I use the following ifile options when making the "spamonly" database:


        -h, --strip-header    Skip all of the header lines except Subject:,
                              From: and To:

        -i, --insert=FOLDER   Add the statistics for each of FILES to the
                              category FOLDER

Here's the script, called "mkifiledb".

I've found that adding spam messages repeatedly can sometimes improve ifile's accuracy, so the script allows you to specify how often you want to add messages from a given spam group.  Non-spam messages are only added once.


        #!/bin/ksh
        #
        # Id: mkifiledb,v 1.6 2002/11/04 22:06:51 vogelke Exp
        # Source: /src/mail/spam/00-SPAM-MESSAGES/ifile/RCS/mkifiledb,v
        #
        # create ifile database from known spam and non-spam messages.
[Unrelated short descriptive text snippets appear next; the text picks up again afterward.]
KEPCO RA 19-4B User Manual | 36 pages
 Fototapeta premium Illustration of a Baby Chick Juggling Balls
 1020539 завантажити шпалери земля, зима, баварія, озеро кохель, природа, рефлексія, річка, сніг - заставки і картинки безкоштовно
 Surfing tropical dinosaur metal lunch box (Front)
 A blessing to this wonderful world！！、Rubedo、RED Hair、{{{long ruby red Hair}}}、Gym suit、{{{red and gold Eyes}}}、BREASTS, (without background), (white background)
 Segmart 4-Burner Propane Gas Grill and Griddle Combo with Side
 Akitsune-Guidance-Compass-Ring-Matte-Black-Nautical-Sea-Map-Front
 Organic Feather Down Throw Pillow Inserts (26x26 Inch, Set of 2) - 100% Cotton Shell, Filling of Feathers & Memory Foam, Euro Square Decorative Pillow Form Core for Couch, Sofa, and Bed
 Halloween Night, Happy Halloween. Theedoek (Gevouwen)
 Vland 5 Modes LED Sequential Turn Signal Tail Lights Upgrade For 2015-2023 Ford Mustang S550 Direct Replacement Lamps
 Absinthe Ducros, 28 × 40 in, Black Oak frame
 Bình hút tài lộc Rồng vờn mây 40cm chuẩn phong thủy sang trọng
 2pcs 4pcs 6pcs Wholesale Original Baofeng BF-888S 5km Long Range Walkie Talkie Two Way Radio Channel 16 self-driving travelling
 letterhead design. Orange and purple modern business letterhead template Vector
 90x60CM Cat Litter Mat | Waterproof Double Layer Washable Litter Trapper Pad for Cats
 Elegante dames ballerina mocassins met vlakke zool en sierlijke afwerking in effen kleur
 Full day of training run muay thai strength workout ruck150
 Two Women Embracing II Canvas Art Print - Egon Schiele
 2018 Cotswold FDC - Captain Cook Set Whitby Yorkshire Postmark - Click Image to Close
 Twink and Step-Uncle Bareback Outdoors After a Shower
        PATH=/usr/local/bin:/bin:/usr/bin; export PATH
        umask 022

        cwd=`pwd`
        top=/pub/src/mail/spam
        dbdir=$top/00-SPAM-MESSAGES/ifile
        dbfile=idata

        test -f $dbdir/$dbfile && rm $dbfile

        # Accept number of passes, a classification, and a list of numeric
        # subdirectories.  Add each file within each subdirectory to our
        # ifile db with the given classification.
        #
        # Using "ifile -h -k -i" gives *huge* .idata file, no real gain.

        readmail () {
            passes=$1
            class=$2
            shift
            shift

            for f in $*
            do
                if test -d $f; then
                    k=1
                    while test $k -le $passes; do
                        echo pass $k: $class $PWD/$f
                        ifile -b $dbdir/$dbfile -h -i $class $f/*
                        k=`expr $k + 1`
                    done

                    (cd $dbdir && ls -l $dbfile)
                fi
            done
        }

        cd $top

        # local spam.
        (
            cd 00-SPAM-MESSAGES/local
            list=`/bin/ls -d [0-9]* | sort -n`
            readmail 1 spamlocal $list
        )

        # Nigerian/African fraud.
        (
            cd 00-SPAM-MESSAGES/fraud
            list=`/bin/ls -d [0-9]* | sort -n`
            readmail 1 spamfraud $list
        )

        # Credit repair.
        (
            cd 00-SPAM-MESSAGES/credit
            list=`/bin/ls -d [0-9]* | sort -n`
            readmail 1 spamcredit $list
        )

        # Diplomas.
        (
            cd 00-SPAM-MESSAGES/diploma
            list=`/bin/ls -d [0-9]* | sort -n`
            readmail 1 spamdiploma $list
        )

        # Drivers license.
        (
            cd 00-SPAM-MESSAGES/license
            list=`/bin/ls -d [0-9]* | sort -n`
            readmail 1 spamlicense $list
        )

        # gtaylor collection.
        (
            cd 00-SPAM-MESSAGES/gtaylor
            list=`/bin/ls -d [0-9]* | sort -n`
            readmail 1 spamgt $list
        )

        # UK spam.
        (
            cd 00-SPAM-MESSAGES/uk-corpus
            list=`/bin/ls -d [0-9]* | sort -n`
            readmail 1 spamuk $list
        )

        ## net-abuse spam.
        #(
        #    cd 00-SPAM-MESSAGES/net-abuse
        #    list=`/bin/ls -d [0-9]* | sort -n`
        #    readmail 1 spamnet $list
        #)

        # keep a copy of the junk-only database.
        # make 1 pass through valid messages.
        cp $dbdir/$dbfile $dbdir/$dbfile.spamonly

        (
            cd 00-PRIVATE
            list=`/bin/ls -d [0-9]* | sort -n`
            readmail 1 good $list
        )

        exit 0

mkifiledb takes about an hour to run on a Pentium-133. Output files are roughly this size:


        +-----00-SPAM-MESSAGES
        |      +-----ifile
        |      |      +----- 587799 Feb  3 16:41 idata
        |      |      +----- 391994 Feb  3 16:38 idata.spamonly

The "idata" file is periodically copied to $HOME/.idata.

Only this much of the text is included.